Friday, 23 November 2012

We will always think of disability in the same way.


Hello and welcome to my blog. It's lovely to see you again. Now this is a long blog so I’ll get straight down to business.
     The last few blogs have been connected by Lord Coe's statement at the 2012 Paralympics that, "We will never think of disability in the same way."  Marc Quinn's famous sculpture of Alison Lapper dominated the end of the closing ceremony so I asked our local MBE, artist and campaigner what she thought of Lord Coe's statement.
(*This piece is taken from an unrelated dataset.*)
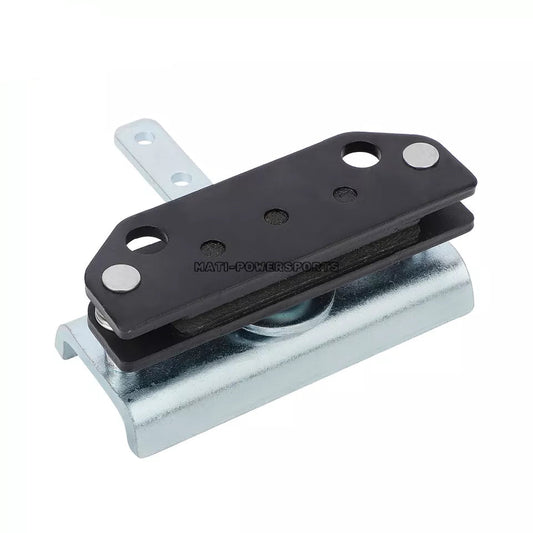 Park Brake Caliper Assembly Fits Polaris Ranger 800 6x6 900 Diesel EV 2012-2022 1911786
"The Paralympics were amazing and it was about time that disabled athletes were treated with the same respect as their able-bodied counter parts, but for society to never think of disability the same way we have to be accepted.
     We have to be allowed to have the same wants and needs as able-bodied people.
     We have to knock physical attributes and virility off the pedestal and think about what else people can contribute. The Paralympics was all about celebrating and elevating physical achievement so acceptance cannot be achieved on the back of that, but it can be achieved if there are some fundamental changes to the way our society thinks.
   Disabled people should be thought of as contributors to society rather than takers.
     I work and most of the people I grew up with, as far as I'm aware, work. We pay taxes.
     A lot of the disabled people I know are self-employed. I'm self-employed and work at home but because I don't drive a van advertising that I'm a disabled artist, millions of people assume I don't work.  
     If they are not self-employed my disabled friends are employed in jobs to do with disability such as raising awareness and acceptance of it. We're experts in managing our disabilities but talking about it is often viewed as our only employable skill.  It’s not.
     Either way we’re not high profile workers so it’s easy to falsely assume that most of us are unemployed and doing nothing except sapping money from social services.
  We have to be integrated into the workforce.
     For us to be looked upon as contributors we have to be integrated, I hate that word, but integrated to such an extent that it's no longer unusual to see somebody with a disability in a job.  And we need to be seen as capable of doing more than the bare minimum of what people would consider employment.
     We’d still be stared at. There would still be comments and assumptions made like if you’re in a wheelchair you can’t have a brain in your head, but eventually we’d be accepted. I saw it when I went into a school a year or so ago. I was working with a very cocky, tough group of lads who knew it all. I taught them to paint with their mouths and feet. They had to sit down and think how they were going to get their palette to the sink and wash it with their hands behind their backs. It was fun and they got into a right mess but at the end of the day one of them took off his T-shirt and they all signed it and said that I’d changed their attitudes towards somebody with a disability.
     You're always going to get that one person who will never think you are good enough but eventually we’d be accepted.
   We have to stop being viewed as helpless charity cases.
     Technological and medical advances mean that more disabled people are surviving. If there aren't the funds available from Government to support us it has to come from charity and this is the catch.
     Charities are fighting to get you to put your hand in your pocket so they will use the clichéd image of a disabled person, be they young or old, in a wheelchair and unable to help themselves without charity. Yet with charity some of us are enabled to help ourselves, or a child locked into their own world can enjoy lots of sensory stimulation.  
     But charity costs the recipient too because charity cases aren’t allowed to have any dignity. Where’s the dignity in holding out the begging bowl?
   Society has to stop thinking that we are abnormal.
     We all bandy it about but we really don’t know what normal is yet somewhere out there there is a very clear picture of what is normal. We try to fit into the definition by saying look I work therefore I’m normal but that’s rubbish. We don’t fit in.  Even before we’re born mothers are offered a termination in case they can’t cope with us.  
     If we don’t fit in, not only are we excluded, we’re also somehow asking to be mocked, despised, abused, tortured or killed and society seems to tolerate it.
  Stop thinking we cannot be proper parents.
     We were brought up to believe that we would never be attractive to anyone unless it was to another disabled person and then that was kind of dirty. We were told we were never going to be parents and we were not supposed to want, to need, to be allowed to have that kind of normality.
     As a disabled parent you know there are certain things you cannot do. I can't play football with Parys. Parys doesn't even like football but that's irrelevant, people still remind me that I can’t. Even your child's friends let you know about it!
     Parenting is about more than seeing to the physical needs of the child but where the disabled are concerned, that's the only thing that seems to count. If we can’t tend to those, we can’t be proper parents. That’s rubbish.
 We are not God’s punishment, blameworthy or unclean.
     We are just ordinary people who happen to be born with a disability. I am an ordinary person who just happened to be born with Phocomelia yet I still have the same needs, wants and aspirations of able-bodied people. Most of us do.
     Lord Coe’s statement was bold and brave and I wish it were true but it’s not. 
     For society to never think of disability in the same way, it has to stop thinking of us as stupid, sexless, blameworthy takers. It has to accept us and one amazing Paralympics cannot do that. It can only be done if we challenge some of the foundations upon which Western Civilization is based. Now that would be a competition worth watching."